Each line below from the line with "Once the yum" to the line with "The dash indicates" must be copied exactly, including those two, and no picture may appear in the copy.

◆ **Stored data**
>>>>
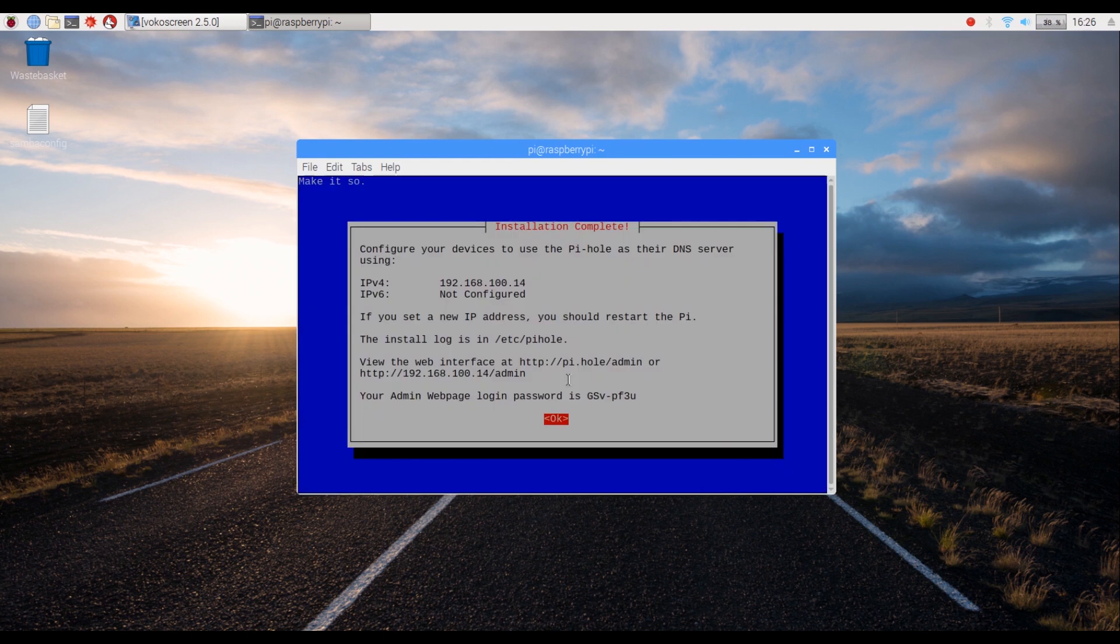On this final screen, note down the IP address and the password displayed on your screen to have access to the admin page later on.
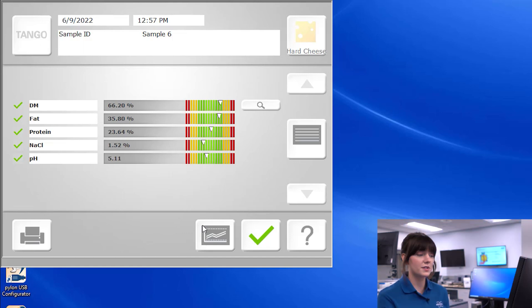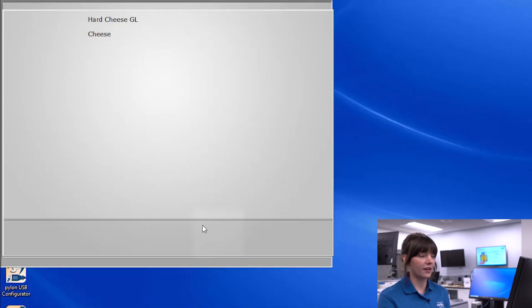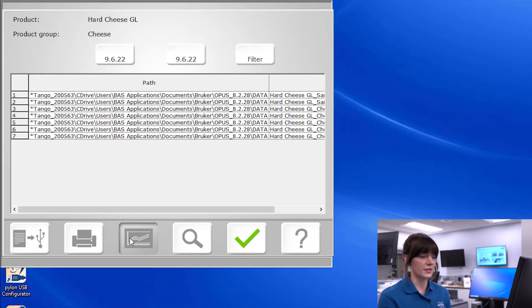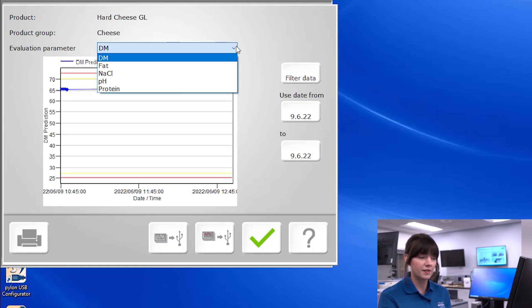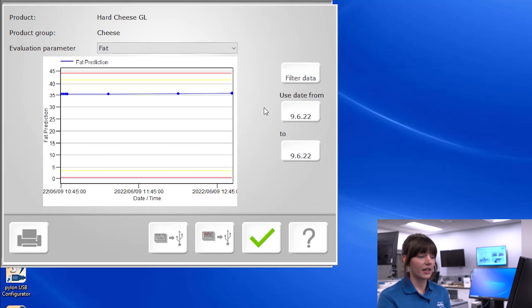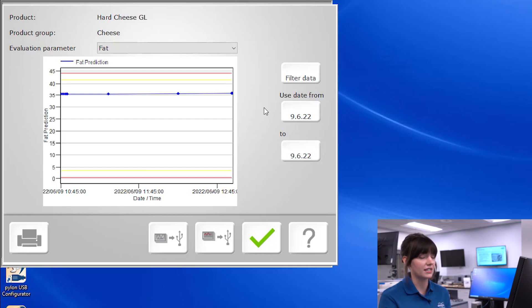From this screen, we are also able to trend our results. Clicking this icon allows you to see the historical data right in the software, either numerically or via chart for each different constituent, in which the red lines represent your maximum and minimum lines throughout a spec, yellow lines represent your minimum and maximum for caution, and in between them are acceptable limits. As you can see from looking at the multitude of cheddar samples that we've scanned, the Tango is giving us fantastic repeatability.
<<<<
>>>>
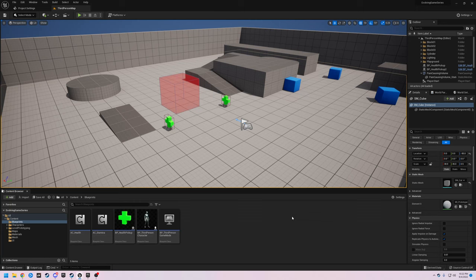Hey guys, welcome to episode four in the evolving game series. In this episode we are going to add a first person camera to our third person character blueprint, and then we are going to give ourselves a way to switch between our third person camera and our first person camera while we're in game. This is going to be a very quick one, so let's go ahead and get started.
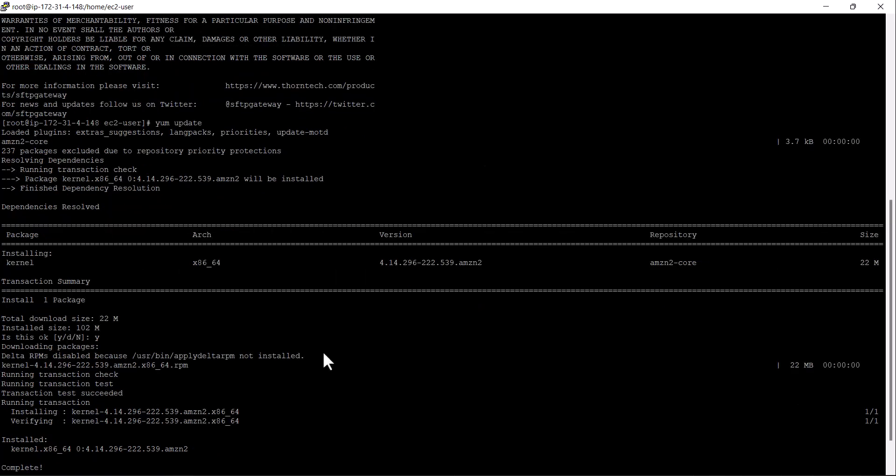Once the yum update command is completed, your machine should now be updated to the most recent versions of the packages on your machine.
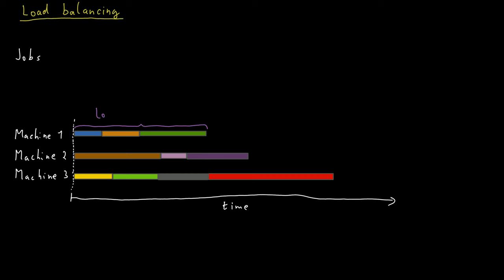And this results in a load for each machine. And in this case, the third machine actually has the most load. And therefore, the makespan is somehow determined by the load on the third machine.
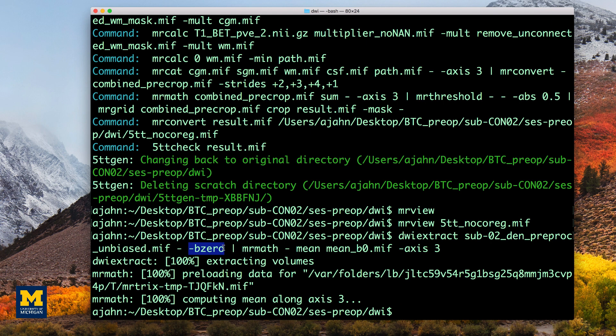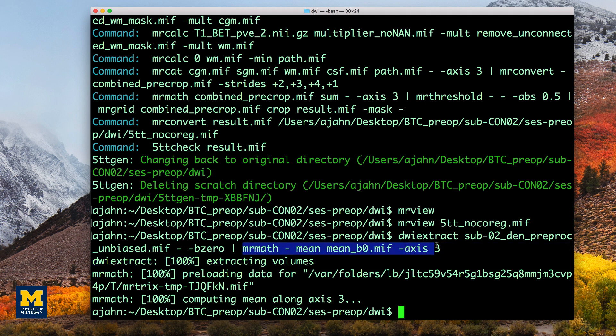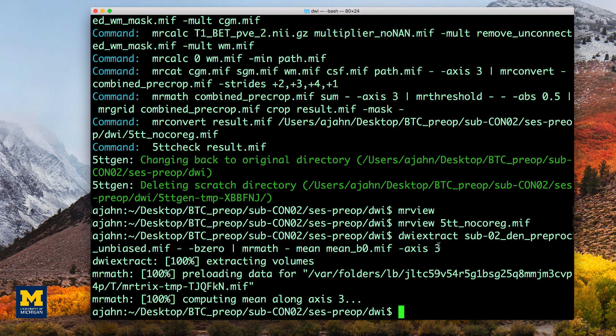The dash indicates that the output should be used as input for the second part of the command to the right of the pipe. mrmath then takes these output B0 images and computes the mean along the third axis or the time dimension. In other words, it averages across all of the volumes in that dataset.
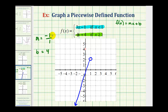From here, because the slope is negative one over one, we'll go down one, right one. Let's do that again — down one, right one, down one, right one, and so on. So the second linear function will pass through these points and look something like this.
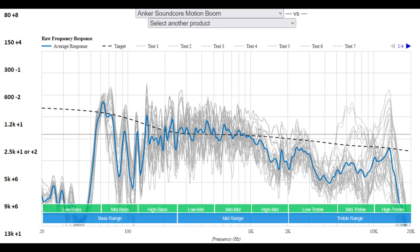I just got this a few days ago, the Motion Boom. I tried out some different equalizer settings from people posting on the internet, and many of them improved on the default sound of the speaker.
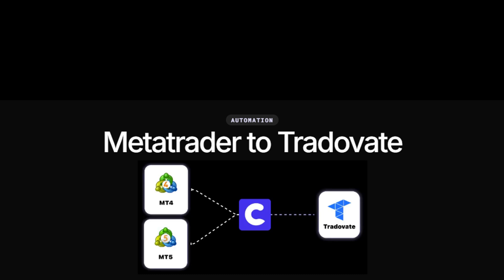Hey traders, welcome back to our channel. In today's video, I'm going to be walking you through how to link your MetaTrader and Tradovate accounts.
<<<<
◆ **Solution**
Once the yum update command is completed, your machine should now be updated to the most recent versions of the packages on your machine.
And this results in a load for each machine. And in this case, the third machine actually has the most load. And therefore, the makespan is somehow determined by the load on the third machine.
The dash indicates that the output should be used as input for the second part of the command to the right of the pipe. mrmath then takes these output B0 images and computes the mean along the third axis or the time dimension. In other words, it averages across all of the volumes in that dataset.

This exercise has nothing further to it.